Конечно, у него давно была другая жизнь, и в ней много чего было, что можно смело вычеркнуть и прожить это вычеркнутое время еще раз, совсем по-другому. Но он даже не был уверен в том, хотелось ли ему что-то менять в собственной жизни. И потом, это в кино или в книжке режиссер и автор могут создать фантастический сюжет, в котором герои запросто проживут заново свои жизни, а в реальности этому не бывать никогда. А раз так, то стоит ли задаваться этим бестолковым вопросом, который так часто ставят перед собой люди: «Если бы можно было прожить жизнь заново, то что бы ты хотел изменить в ней?»

«Ничего не хотел бы. Потому что измени хоть одну букву, и можно лишиться чего-то, что дорого. Впрочем, я – не сказочник, не писатель-фантаст, и можно отбросить ненужные мысли и не засорять ими голову», – думал Покровский.

Он еще повозился какое-то время, послушал внутренний голос, который говорил ему, что ничего страшного не произошло, и самое главное, что Игорь жив и здоров, и, бог даст, скоро поправится и встанет на ноги. И может быть, больше его никогда не понесет ни на какой ледник. «Как его профессия-то называется? Научного названия не помню – заковыристое очень, а по-простому – ледовед, так, кажется, Аня говорила…»

И, уже засыпая, он вспомнил, как правильно называется профессия, которую выбрал Покровский-младший, – гляциолог. Специалист по льдам. Придумают же такое!


И крайнее звено в цепочке – специалист по льдам Покровский-младший – не спал в этот поздний час. Он старательно закрывал глаза, чтобы не видеть темноту, которая похожа на ту самую тьму-тьмущую, которой накрыло их группу в горах.

…О том, что Варю не нашли, он понял из обрывков разговоров, когда пришел в себя. И на момент вылета самолета МЧС из аэропорта Минеральные Воды подруга Игоря оставалась в списке без вести пропавших. Это хоть и лучше, чем числиться в погибших, но и надежд не так много на то, что он ее еще хоть когда-нибудь увидит…


Телефонный звонок в пустой квартире прозвенел особенно громко. Аня вздрогнула. Городской телефон. Она так редко общалась по нему, что уже стала задумываться – а нужен ли он вообще? Интернет – беспроводной, связь либо через скайп, либо по мобильному телефону, а домашним почти и не пользуются. Иногда звонили дальние родственники из деревни да подруга Ани – Ирина, которая, по старой привычке, все экономила, хотя телефонная экономия была какой-то сомнительной.

Аня сняла трубку. Внутри все потрескивало, как в старые времена, когда связь была из рук вон плохая.

– Алё?! – спросила Аня.

Ответом ей была тишина, которую нарушал только посторонний треск.

– Алё?! – повторила Аня.

И треск закончился, и словно издалека она услышала голос, который не забыла.

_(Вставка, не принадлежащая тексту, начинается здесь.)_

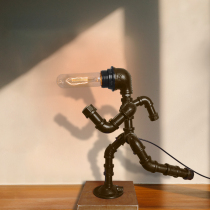 Creative Robot Running Styling Table Lamp Industrial Wind Water Pipe Lamp Bar Coffee Shop Bar Coffee Shop Bar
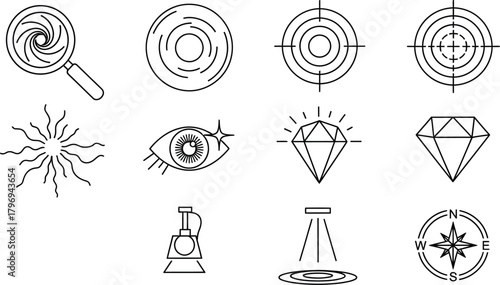 Target, eye, diamond, and compass icon collection in minimal vector format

– Аня, здравствуй! Это Илья…


Илья. Покровский. Они не часто общались все эти годы. Письма не писали друг другу, лишь иногда Илья звонил по старому номеру домашнего телефона, чтобы задать традиционные вопросы: как дела у Ани и Игоря да как здоровье у ее родителей. Ну и с праздниками поздравлял, с такими как Новый год и день рождения.

Она у него в свою очередь справлялась о здоровье его родителей и передавала им приветы. Как-то родители Ильи приезжали к нему на свидание и пожелали встретиться. Аня приняла их радушно, расспросила обо всем, привет Илье передала. И все.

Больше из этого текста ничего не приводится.